The auto liability coverage section provides that Clear Blue will pay “all sums an insured legally must pay as damages because of bodily injury or property damage to which this insurance applies, caused by an accident and resulting from the ownership, maintenance or use of covered autos.” Doc. 45, att. 4, p. 68 (internal quotations omitted). Under the “Punitive Damage Exclusion Endorsement,” however, the policy also excludes “coverage for punitive or exemplary damages, fines or penalties imposed by law….” Id. at 103. The exclusion further provides that “[n]othing contained in any provision of this policy shall be deemed to provide coverage for any amount awarded as … punitive damages.” Id.

Here there is no ambiguity as to the exclusion and its impact on coverage. “Absent a conflict with statutory provisions or public policy, insurers … are entitled to limit their liability and to impose and to enforce reasonable conditions upon the policy obligations they contractually assume.” La. Ins. Guar. Ass’n v. Interstate Fire and Cas. Co., 630 So.2d 759, 763 (La. 1994). As Clear Blue notes, Louisiana courts have routinely upheld punitive damages exclusions as valid and enforceable. See, e.g., Pike v. Nat’l Union Fire Ins. Co., 796 So.2d 696 (La. Ct. App. 1st Cir. 2001); McDaniel v. DeJean, 556 So.2d 1336 (La. Ct. App. 3d Cir. 1990); Yonter v. State Farm Mut. Auto Ins. Co., 802 So.3d 950 (La. Ct. App. 5th Cir. 2001).

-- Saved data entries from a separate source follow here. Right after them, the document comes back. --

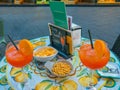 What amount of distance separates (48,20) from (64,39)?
10.3 ft

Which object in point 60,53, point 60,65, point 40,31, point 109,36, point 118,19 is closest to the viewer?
point 60,65

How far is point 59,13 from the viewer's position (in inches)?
60.2

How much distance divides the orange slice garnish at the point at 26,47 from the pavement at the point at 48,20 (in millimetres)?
2494

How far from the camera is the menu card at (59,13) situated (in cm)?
147

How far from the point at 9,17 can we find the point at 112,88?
161 inches

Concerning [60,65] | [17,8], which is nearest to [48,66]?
[60,65]

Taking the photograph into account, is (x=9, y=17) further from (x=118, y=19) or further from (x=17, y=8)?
(x=118, y=19)

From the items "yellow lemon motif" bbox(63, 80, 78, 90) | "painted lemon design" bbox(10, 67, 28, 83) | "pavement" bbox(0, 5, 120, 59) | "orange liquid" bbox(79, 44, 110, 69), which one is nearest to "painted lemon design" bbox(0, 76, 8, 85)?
"painted lemon design" bbox(10, 67, 28, 83)

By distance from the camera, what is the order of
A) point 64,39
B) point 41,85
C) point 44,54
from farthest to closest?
point 64,39, point 44,54, point 41,85

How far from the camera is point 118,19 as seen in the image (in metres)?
4.59

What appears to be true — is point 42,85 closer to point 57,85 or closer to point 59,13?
point 57,85

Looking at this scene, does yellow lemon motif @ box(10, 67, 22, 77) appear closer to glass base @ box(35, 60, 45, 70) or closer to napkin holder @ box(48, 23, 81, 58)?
glass base @ box(35, 60, 45, 70)

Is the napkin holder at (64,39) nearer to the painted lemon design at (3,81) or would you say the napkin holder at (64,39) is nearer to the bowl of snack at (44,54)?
the bowl of snack at (44,54)

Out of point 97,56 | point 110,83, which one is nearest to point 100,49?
point 97,56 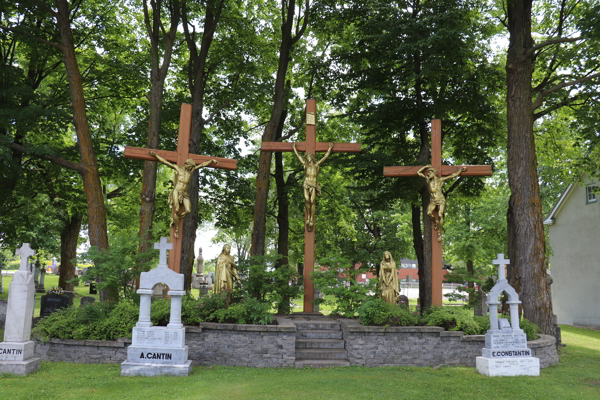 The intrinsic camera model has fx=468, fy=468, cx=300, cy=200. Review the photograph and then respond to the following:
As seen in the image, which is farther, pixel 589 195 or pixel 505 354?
pixel 589 195

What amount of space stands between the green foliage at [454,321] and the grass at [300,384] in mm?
896

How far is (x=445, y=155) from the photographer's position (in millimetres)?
21359

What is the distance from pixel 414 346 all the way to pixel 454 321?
3.75 feet

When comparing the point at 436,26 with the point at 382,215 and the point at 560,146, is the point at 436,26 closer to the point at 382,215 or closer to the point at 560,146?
the point at 560,146

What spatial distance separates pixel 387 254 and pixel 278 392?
17.2 ft

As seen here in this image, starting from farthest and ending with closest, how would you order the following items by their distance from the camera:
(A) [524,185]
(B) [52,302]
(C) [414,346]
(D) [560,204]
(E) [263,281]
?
(D) [560,204], (B) [52,302], (A) [524,185], (E) [263,281], (C) [414,346]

The court finds no basis to depart in this matter, and agrees that punitive damages are not recoverable under Clear Blue’s policy.

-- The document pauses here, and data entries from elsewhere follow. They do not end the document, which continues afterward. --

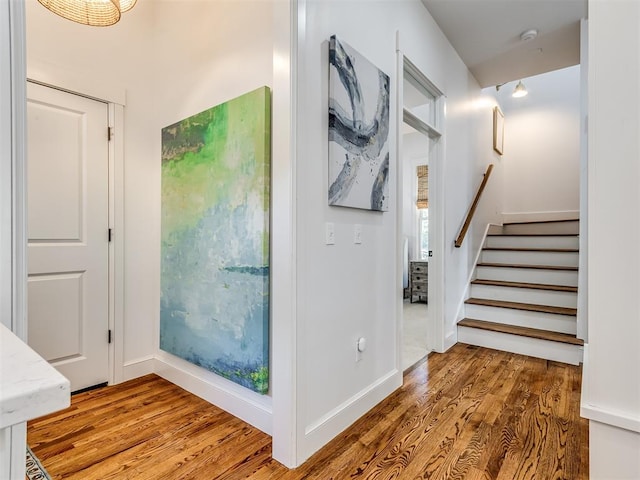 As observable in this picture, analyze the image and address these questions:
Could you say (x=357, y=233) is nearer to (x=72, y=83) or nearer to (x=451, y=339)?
(x=451, y=339)

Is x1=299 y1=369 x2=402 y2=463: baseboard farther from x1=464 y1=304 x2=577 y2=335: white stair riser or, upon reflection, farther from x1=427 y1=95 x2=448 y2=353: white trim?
x1=464 y1=304 x2=577 y2=335: white stair riser

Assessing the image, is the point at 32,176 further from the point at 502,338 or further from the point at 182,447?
the point at 502,338

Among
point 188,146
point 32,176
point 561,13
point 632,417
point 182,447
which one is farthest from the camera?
point 561,13

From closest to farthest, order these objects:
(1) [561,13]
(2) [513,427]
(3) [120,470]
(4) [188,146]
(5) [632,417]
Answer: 1. (5) [632,417]
2. (3) [120,470]
3. (2) [513,427]
4. (4) [188,146]
5. (1) [561,13]

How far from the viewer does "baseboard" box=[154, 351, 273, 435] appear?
1.80 m

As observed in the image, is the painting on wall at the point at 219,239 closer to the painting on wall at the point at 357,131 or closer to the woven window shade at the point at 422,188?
the painting on wall at the point at 357,131

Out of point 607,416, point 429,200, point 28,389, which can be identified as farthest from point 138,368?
point 429,200

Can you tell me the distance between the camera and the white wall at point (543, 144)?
4887mm

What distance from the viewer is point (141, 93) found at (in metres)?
2.47

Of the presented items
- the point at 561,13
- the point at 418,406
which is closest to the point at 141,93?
the point at 418,406

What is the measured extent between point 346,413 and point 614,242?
1.46 metres

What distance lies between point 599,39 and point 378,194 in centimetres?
122

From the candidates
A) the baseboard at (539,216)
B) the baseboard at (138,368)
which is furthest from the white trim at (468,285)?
the baseboard at (138,368)

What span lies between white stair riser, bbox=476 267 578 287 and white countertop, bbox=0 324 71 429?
4115 millimetres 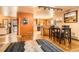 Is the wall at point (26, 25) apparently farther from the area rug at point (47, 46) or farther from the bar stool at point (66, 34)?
the bar stool at point (66, 34)

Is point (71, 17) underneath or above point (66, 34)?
above

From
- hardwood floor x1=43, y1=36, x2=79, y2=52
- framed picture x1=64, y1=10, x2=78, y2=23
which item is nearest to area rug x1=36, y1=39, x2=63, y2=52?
hardwood floor x1=43, y1=36, x2=79, y2=52

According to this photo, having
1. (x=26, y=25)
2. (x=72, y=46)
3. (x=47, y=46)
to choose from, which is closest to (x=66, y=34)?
(x=72, y=46)

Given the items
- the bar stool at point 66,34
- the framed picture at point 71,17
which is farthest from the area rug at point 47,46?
the framed picture at point 71,17

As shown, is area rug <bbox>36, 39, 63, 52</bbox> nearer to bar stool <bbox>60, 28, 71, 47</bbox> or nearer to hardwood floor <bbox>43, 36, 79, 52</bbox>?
hardwood floor <bbox>43, 36, 79, 52</bbox>

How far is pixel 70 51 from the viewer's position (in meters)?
1.81

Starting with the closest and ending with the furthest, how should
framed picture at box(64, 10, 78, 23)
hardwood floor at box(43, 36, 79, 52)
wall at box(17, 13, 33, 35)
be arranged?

For the reasons stated above, the Motion for Summary Judgment [doc. 45] will be GRANTED and the claims for punitive damages against Clear Blue will be DENIED and DISMISSED WITH PREJUDICE.

THUS DONE AND SIGNED in Chambers on this 25th day of June, 2020.

All Citations
Slip Copy, 2020 WL 3477110


Mr. Posey is only specifically named under the negligent entrustment claim and appears to pay some sort of supervisory role at the company.

Plaintiff’s father, Chris Moreaux, originally joined the suit as a plaintiff based on his emotional distress at witnessing the crash scene. See docs. 1, 16. He later voluntarily dismissed these claims. Doc. 44.